Police Accountability Forum

Thanks to everyone who attended the Police Accountability Forum CLE, co-hosted by the American Constitution Society on June 16th. As a follow-up to the forum, we present this editorial from the Civil Liberties Committee of the Chicago Council of Lawyers, our partner in the Collaboration for Justice.

 


The Chicago Police Department’s Bureau of Internal Affairs Does Not Report Data That Would Allow The Public To Evaluate Whether It Is Processing Complaints of Police Misconduct Fairly.

–Gordon Waldron

Processing of complaints against police in Chicago is a Tale of Two Cities. The two cities are the Chicago Independent Police Review Authority (IPRA), and the Bureau of Internal Affairs of the Chicago Police Department (BIA). By ordinance, IPRA is responsible for investigating complaints alleging excessive force, coercion with a threat of violence, bias-based verbal abuse, and domestic violence by an officer. All other complaints against the police are within BIA’s jurisdiction, including complaints of illegal searches and seizures, improper arrests, verbal abuse, coercion and criminal misconduct. IPRA is an open book compared to BIA in disclosing how it processes complaints. The information that BIA makes available on its webpage does not allow the public to evaluate how well it performs its duty of investigating and making decisions as to complaints by the public of police misconduct.

 

  • IPRA is required by ordinance to produce and make public quarterly reports disclosing the number of complaints it has received, investigated, and on which it made findings. BIA is not so required.
  • IPRA’s quarterly reports also summarize the factual bases (without naming names) of the complaints it has sustained, and state the discipline it has recommended for each sustained finding. BIA does neither.
  • IPRA is relatively transparent about how it processes complaints. BIA is not.

 

BIA’s 2013 annual report lists the number of complaints that it receives within its jurisdiction each year and the prior year, broken down into 15 categories. It also graphs that same data, and graphs it again as to the top 5 categories of complaints. It also reports on separation and suspension decisions of the Chicago Police Board. But it reports nothing about what it does with the complaints. It does not report how many it investigates per year or what its backlog of complaints is. It does not report how many findings it made or their categories. If you were to try to design an annual report to make it difficult for members of the City Council or the public to evaluate whether BIA is doing a good job of investigating complaints of police misconduct, it would be hard to design a more confusing one.

 

It turns out, however, that since at least 2004, the Chicago Police Superintendent has been submitting the Chicago Police Board monthly data on the number and categories of its findings on complaints. But you can’t find any link, much less reference, on BIA’s web page to that information. To its credit, the Chicago Police Board recently started posting that data on its web page.

You can find this data by going to the Chicago Police Board home page and clicking on “Public Meetings.” You will see a topic called “Regular Meetings.” For the May 2015 meeting, click on the term “Blue Book.” Then scroll down to page 14 of that document.

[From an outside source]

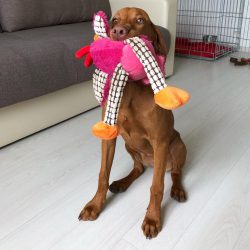 They can easily find a common language with dogs and cats, especially if they grew up with them.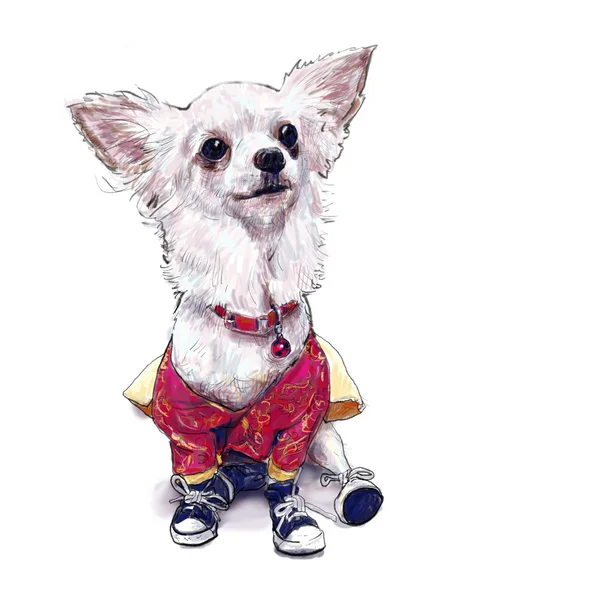 Ilustración de pintura de perro pomerania, con ropa y zapato —  Fotos de Stock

When either BIA or IPRA concludes that there is sufficient evidence to justify disciplinary action, they enter a “sustained” finding on the complaint. In 2014 BIA reported that 24% of its findings were in the “sustained” category, while IPRA reported that only 14% if its findings were in that category. You might conclude from this data that BIA was more pro-complainant than was IPRA, but you would be wrong. Here’s why:

  • About 40% of complaints that BIA investigates allege violations of the internal personnel and operational rules of the police department as to such matters as sick leave. Supervisors (not members of the public) typically file these complaints against subordinates. They are simpler and less significant than the complaints the public files alleging illegal searches and seizures, improper arrests, verbal abuse, coercion or criminal misconduct.
  • BIA transfers the responsibility of investigating some of its complaints to the various police districts.

 

Thus when BIA reports that 24% of its findings were sustained, it lumps together findings of personnel/operational violations with all the other types of violations, and it lumps together findings made by the police districts with findings it has made. It could be that all of the “sustained” findings found personnel/operational violations, or were all made by the police districts, not BIA. There is no way for the public to know. By lumping together data about different types of decisions, BIA hides important information. And it reveals no information that would allow the public to evaluate how BIA evaluates complaints of violations filed by members of the public against police officers.

Recent events in places like Ferguson, Missouri and Staten Island, New York remind us that the process of investigating complaints of police misconduct must be both fair and transparent. BIA fails the transparency test.